- Material for this task:
Start of Block
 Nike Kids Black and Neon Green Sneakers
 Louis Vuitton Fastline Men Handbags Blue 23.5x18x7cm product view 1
End of Block
Start of Block
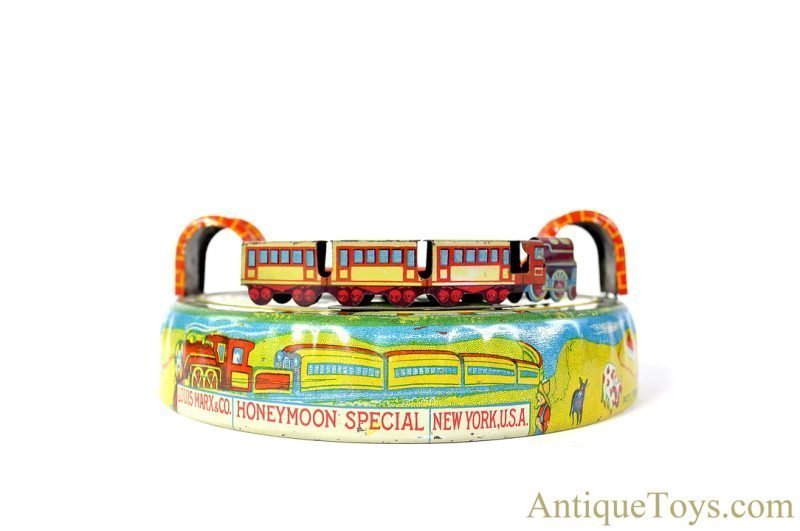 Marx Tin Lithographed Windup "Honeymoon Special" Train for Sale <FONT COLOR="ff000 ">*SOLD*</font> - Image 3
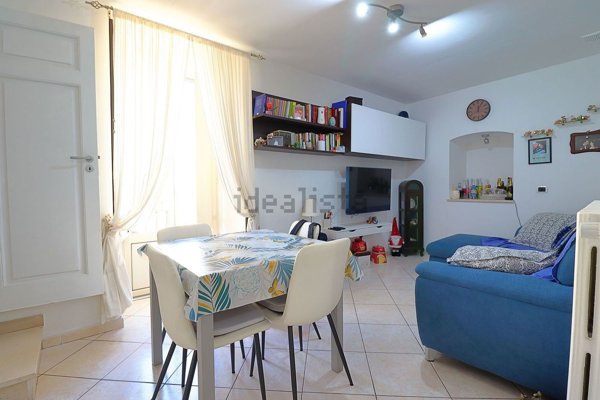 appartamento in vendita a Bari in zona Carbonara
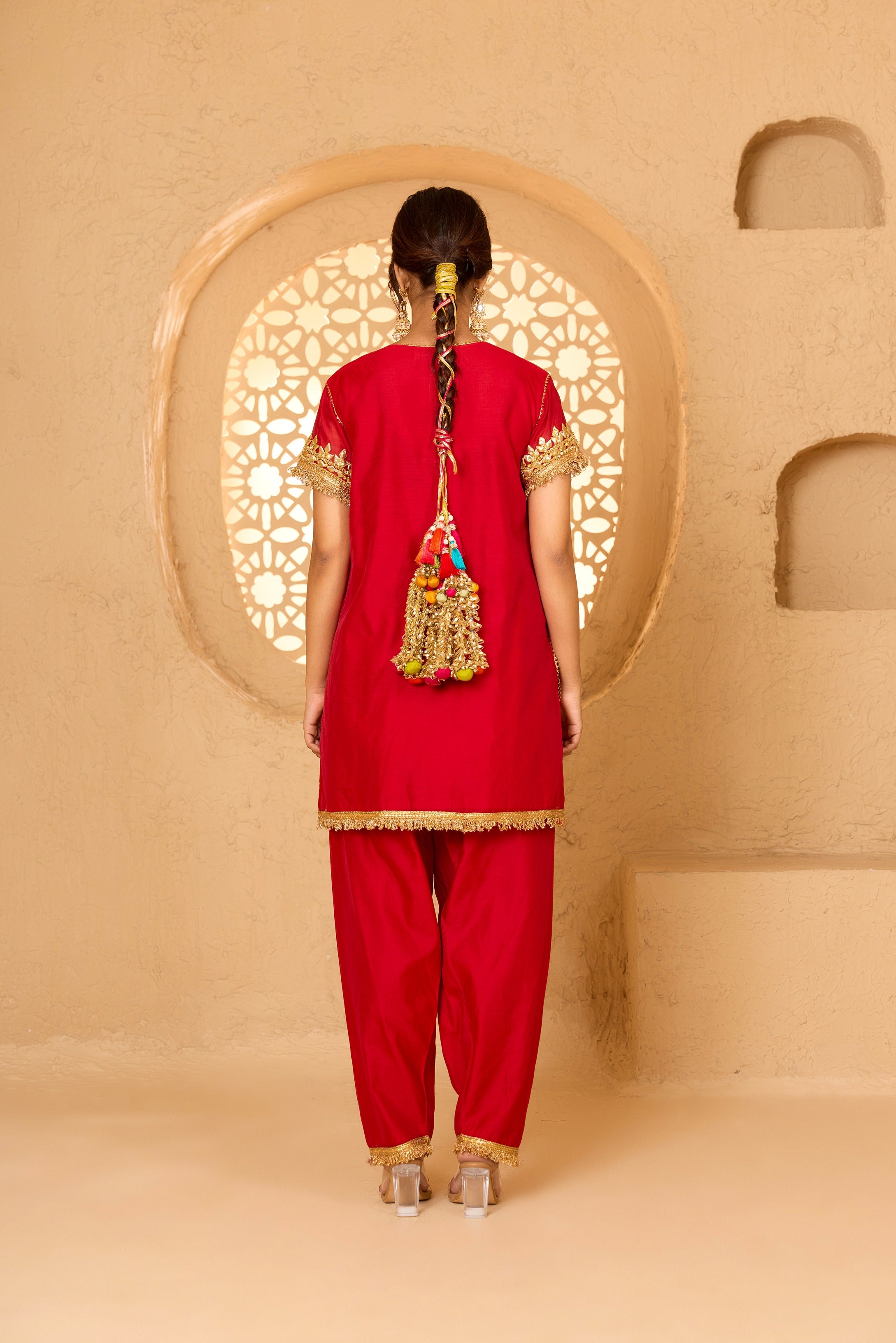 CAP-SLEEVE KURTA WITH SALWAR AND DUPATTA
End of Block
- Your instructions: Return, word for word, the lines of the data above from the line with "Nike Kids Black and Neon Green Sneakers" through the line with "Louis Vuitton Fastline", inclusive.

- Task result:
 Nike Kids Black and Neon Green Sneakers
 Louis Vuitton Fastline Men Handbags Blue 23.5x18x7cm product view 1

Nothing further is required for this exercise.